Element 0 of tensors does not require grad and does not have a grad_fn How can i fix this

ptrblck · May 27, 2024, 12:54pm

Neither of the posted code snippets is properly formatted, minimal, or executable, so please post fix it in case you are stuck and need some debugging help.

Cuig_Thallann · May 27, 2024, 1:52pm

The third one up is a download of a Jupyter Notebook file. You can copy and past it into a .ipynb file and load it into Jupyter Notebook. You can then step through it and hopefully see the exception.

The very last is the dump of the error stack , I was hoping someone expert could look at the stack and tell me what caused the problem.

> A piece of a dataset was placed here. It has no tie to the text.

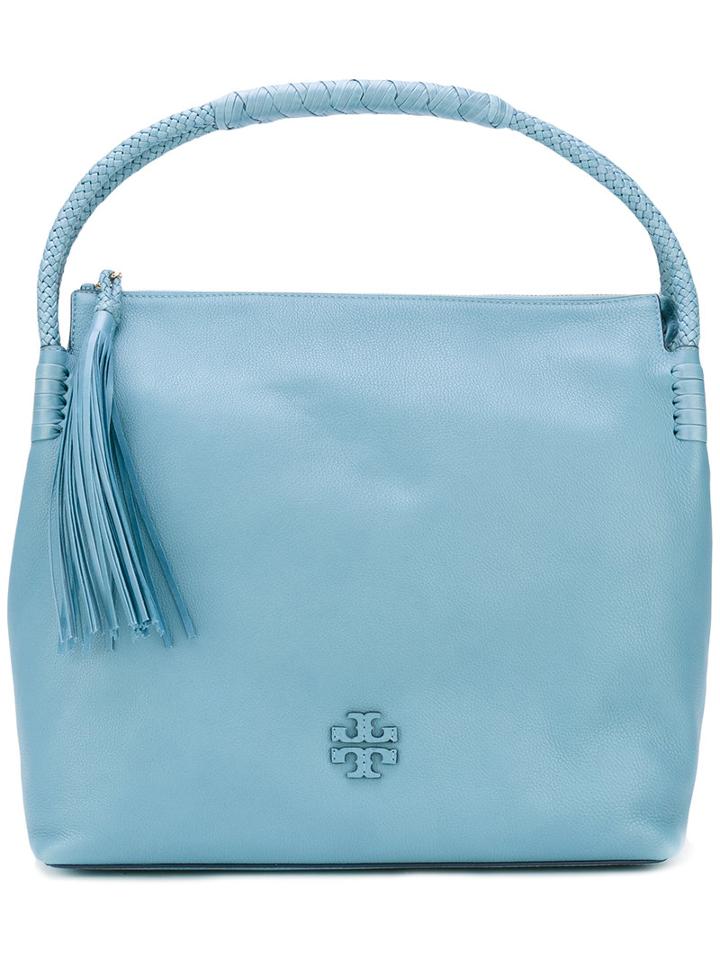 Tory Burch - Tassel Top Handle Shoulder Bag - Women - Leather - One Size, Blue, Leather
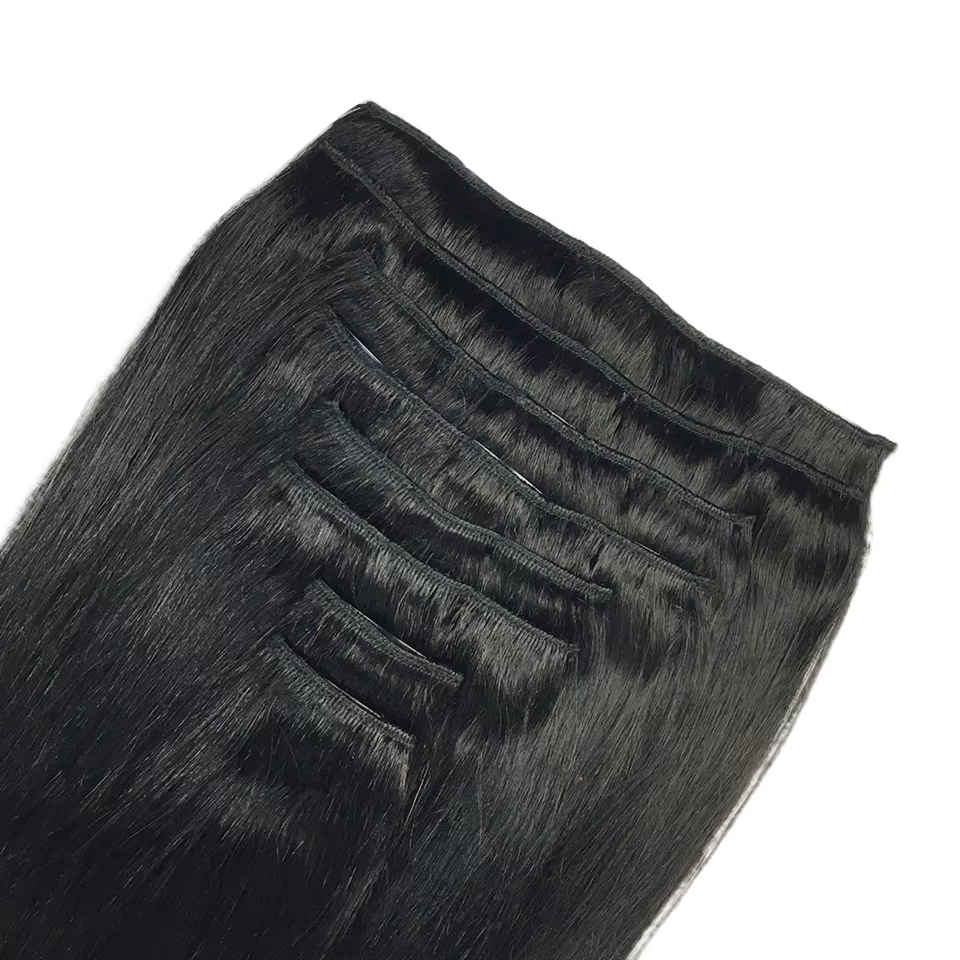 Extensions de cheveux brésiliens Remy à clips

ptrblck · May 27, 2024, 2:07pm

The root cause of your original error:

is unknown and we would need a minimal and executable code snippet to debug it further.

The new issue:

is caused by a wrong target shape in the loss calculation:

criterion = nn.CrossEntropyLoss()

batch_size = 2
nb_classes = 10

output = torch.randn(batch_size, nb_classes, requires_grad=True)
target = torch.randint(0, nb_classes, (batch_size,))

# works
loss = criterion(output, target)

# fails since wrong shape
loss = criterion(output, target.unsqueeze(1))
# RuntimeError: 0D or 1D target tensor expected, multi-target not supported

Cuig_Thallann · May 27, 2024, 8:28pm

Thanks. I think I accidently posted one of my debug runs instead of the error stack from the code that AK presented.
The loss.grad_fn = None is coming back from cross_entropy().
I cannot figure out what "tensor[0] it is referring to.
Thanks so much for the help.
The correct AK code error I stack for his code is as follows.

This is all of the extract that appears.